Mark Driscoll resigned from Mars Hill, and it wasn’t even
my birthday yet.
|Driscoll explaining to his audience about the TV-like visions he has of sexual sin.|
Okay. In all seriousness. I actually don’t feel very
gloat-y. Which is weird, since I’ve done nothing but call for his resignation
(privately, indignantly, mostly in my living room with my husband and pets as
the audience) ever since I learned of Driscoll four-ish years ago. But now the
event has arrived, I feel mostly a desire for Driscoll to get help and become a
calmer, happier, more peace-focused person. God actually worked some
intervention in my heart which prevents gleeful hand-wringing. Next we’ll work
on my tendency to self-congratulate.
But you never quite run out of things to say about
Driscoll, do you? His resignation letter, his legacy, and the church’s current
response all warrant commentary, and gosh darnit if I didn’t nominate myself.

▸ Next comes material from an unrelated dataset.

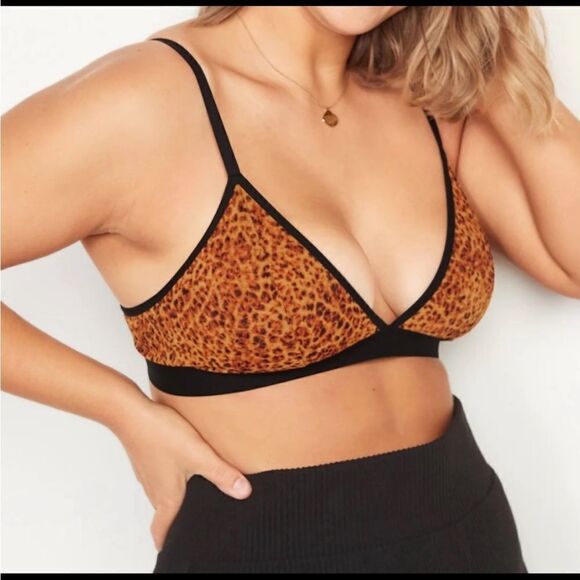 Old Navy | Mesh V-Neck Bralette Top - Picture 1 of 13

I want to make clear why I’m talking about this. I believe
it’s critical to absorb some lessons in the wake of this fiasco, rather than
settle for shock and voyeurism and thus allow the same thing to catch us off
guard again in the future. Will we use the lessons of Driscoll to stop future
abuses? Or will we be gob-smacked and then just move on without reflection?

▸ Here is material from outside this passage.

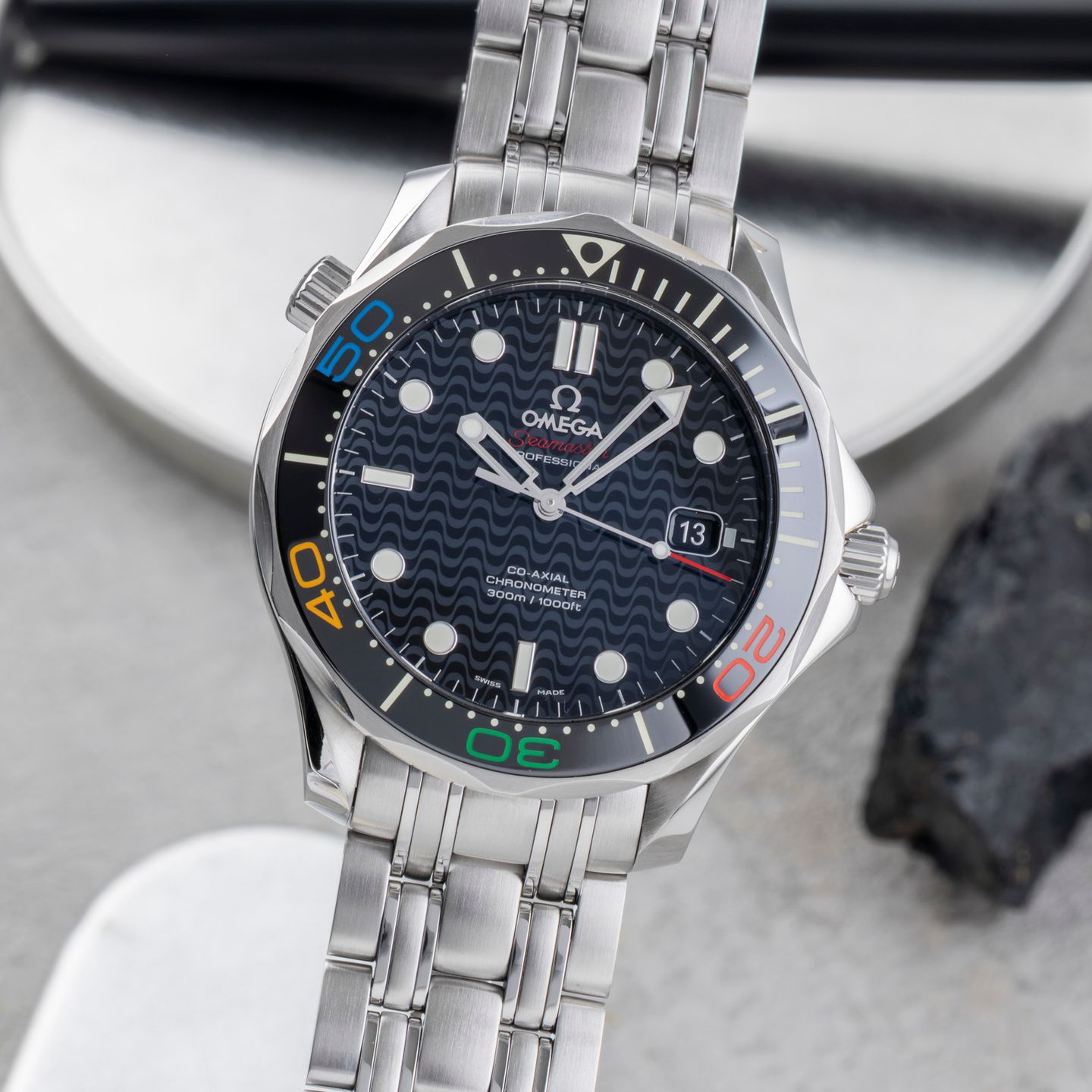 Omega Seamaster Diver 300 M 522.30.41.20.01.001 (Unknown (random serial)) - Black dial 41 mm Steel case (3/8)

Driscoll’s Thesis Statement
First, that resignation letter. If Driscoll were a kid in
my English class, and I tried to help him write a thesis to encapsulate the
main point of his letter, it would read thus: “I haven’t been disqualified from
ministry, and I’m self-sacrificially stepping down because negative publicity
hurts my church.”
Prior to and during this process there have been no charges
of criminal activity, immorality or heresy, any of which could clearly be
grounds for disqualification from pastoral ministry. Other issues, such as
aspects of my personality and leadership style, have proven to be divisive
within the Mars Hill context, and I do not want to be the source of anything
that might detract from our church’s mission to lead people to a personal and
growing relationship with Jesus Christ.
You know what? I don’t care if Driscoll is in denial, or
what the state of his heart is. God will work there, as He is wont to do, and
so long as Driscoll doesn’t continue hurting people in the meantime, I won’t do
a whole lot of screaming regarding what he thinks of himself. What I do care
about is whether the church culture as a whole will examine Driscoll’s words
critically. When someone tries to back away from accepting responsibility for
their actions, will we recognize that and hold them to account? Or will we
assume that anyone who offers a written statement in a kind tone must be
truth-telling? If we don’t figure that out now, what happens when another
person like Driscoll hurts people in the future and offers a spin-doctor letter
to explain it?
For example, will anyone join Janet Mefferd in examining
what, exactly, the Bible says about the “high and holy calling” of the
ministry, and what qualifies or disqualifies one from it? Sure, Driscoll’s list
of “criminal activity” and “heresy” are a good start, but the qualifications
for a minister go far beyond that, as Mefferd so aptly points out:
The Bible is crystal clear about the qualifications for
ministers of the gospel, and they’re sobering to consider. Read I Timothy 3.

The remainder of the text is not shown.